IANS | 25 Oct, 2023
More than 100 senior executives from the Alliance of CEO Climate
Leaders, the world’s largest CEO-led community committed to net zero
emissions, signed an open letter on Tuesday ahead of the COP28 climate
conference.
They called on leaders from the public and private sectors to
accelerate net-zero actions to reduce carbon emissions for the benefit
of society, public health and the global economy.
The latest IPCC
report has confirmed that the world is on course to breach the critical
barrier of 1.5 degrees Celsius warming within the next two decades,
setting a path to cascading climate tipping points and irreversible
damage to the earth’s planetary systems.
Limiting the average
global temperature increase to 1.5 degrees would require 50 percent
emissions reductions by 2030 -- amounting to annual emission reductions
greater than what was achieved during the COVID-19 pandemic.
“The
scale of decarbonization needed by 2030 is insurmountable unless we
urgently work together to bend the emissions curve,” said Borge Brende,
President of the World Economic Forum.
“The pathway to these
emissions reductions will be paved with a complex mix of the right
policies, technologies and infrastructure, which is why public-private
collaboration has never been more important.
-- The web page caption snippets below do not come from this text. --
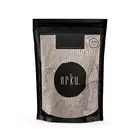 1Kg Organic Sodium Bentonite Clay Powder Cosmetic Montmorillonite Orku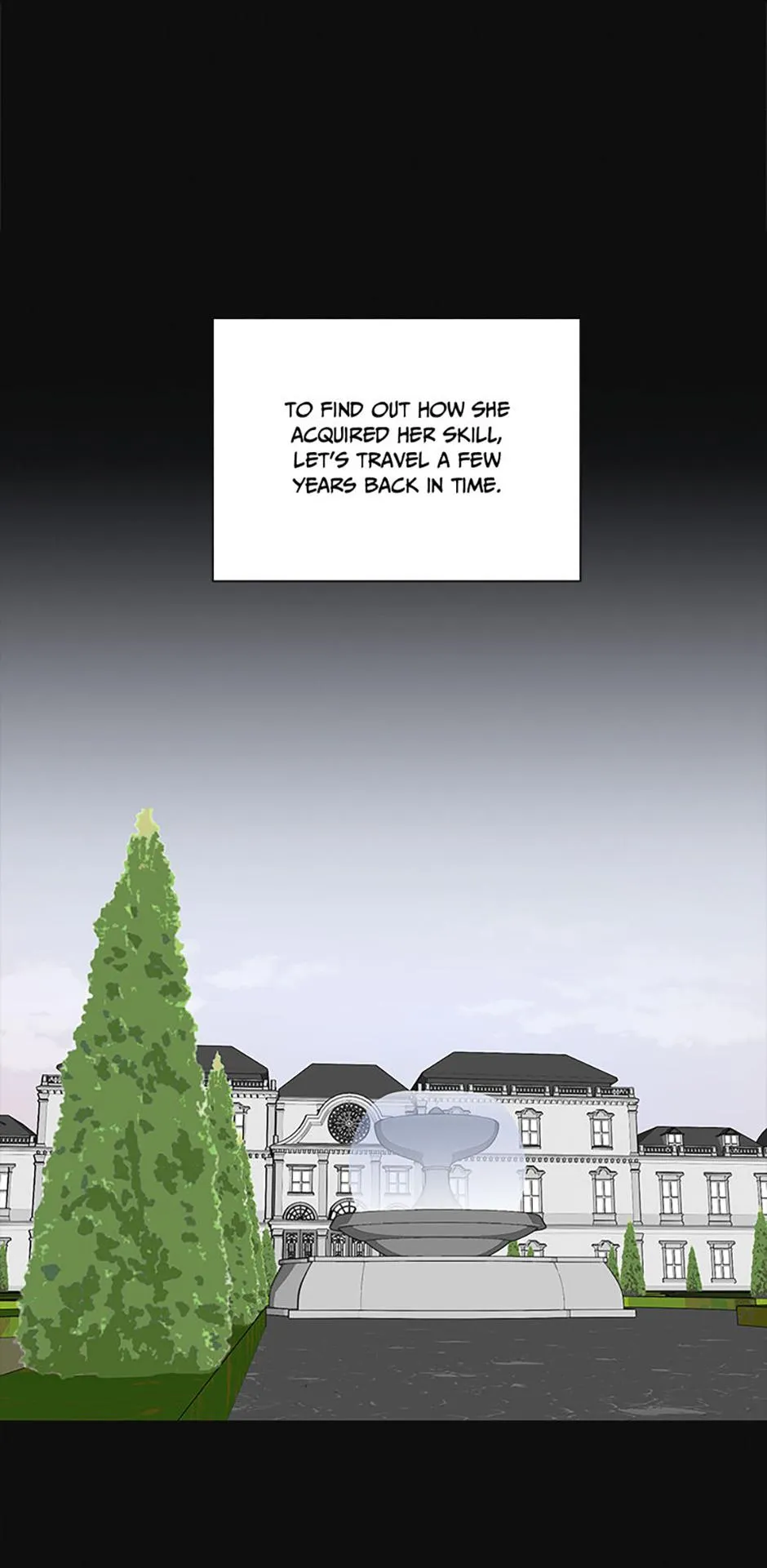 A Married Killer Chapter 161 page 21 - 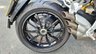 USED 2014 MV AGUSTA BRUTALE 800 Dragster Naked Delivery available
This open letter sends a
powerful message to world leaders at COP28 to introduce bold and
transformative policies that will help the private sector do its part to
achieve the 50 percent emissions reductions that we need by 2030.”
Success
in achieving these emissions reductions, however, is dependent on
support from governments to overcome significant barriers that hinder
decarbonisation action -- from lengthy administrative processes that
slow the development of renewable energy projects and weaknesses in grid
infrastructure and power networks, to technological constraints that
delay efforts to scale up manufacturing capacity for early-stage
decarbonisation solutions.
In the open letter, the Alliance of CEO
Climate Leaders calls on world leaders to: scale up investment in
renewable energy and power networks, and streamline permitting and
regulatory processes. While global investment in renewable energy
reached a record $0.5 trillion in 2022, this is still less than a third
of the annual investment needed towards 2030.
Governments should
therefore rapidly scale up renewable energy and invest in the required
grid infrastructure including storage and supply chains, as well as
energy efficiency.
Lead by example by adopting low-emission public
procurement practices. Public procurement is a significant share of
GDP; 14 per cent in the EU alone. If 14 per cent of an economy adopts
low-emitting procurement practices, this will send a strong market
signal to suppliers to improve their products and services and can
facilitate the uptake of breakthrough solutions.
The Alliance
calls on governments to set ambitious, science-based procurement targets
to create demand drivers and support the development of supply chains.
In
addition, the open letter calls on fellow business leaders to raise
their ambition on climate action by setting science-based targets and
increasing the transparency of their emissions by publicly disclosing
emissions data.
“We must accelerate the transition to net-zero,
and we have no time to waste,” Ester Baiget, CEO of Novozymes and
Co-Chair of the Alliance of CEO Climate Leaders said.
“The
alliance represents a clear step forward for private-sector
collaboration on climate action. As we approach COP28, it is paramount
that we connect with governments to show that there is a path to
net-zero and that we are fully committed to getting there. We call on
fellow private sector leaders to commit and public sector leaders to
pave the way for accelerated action.”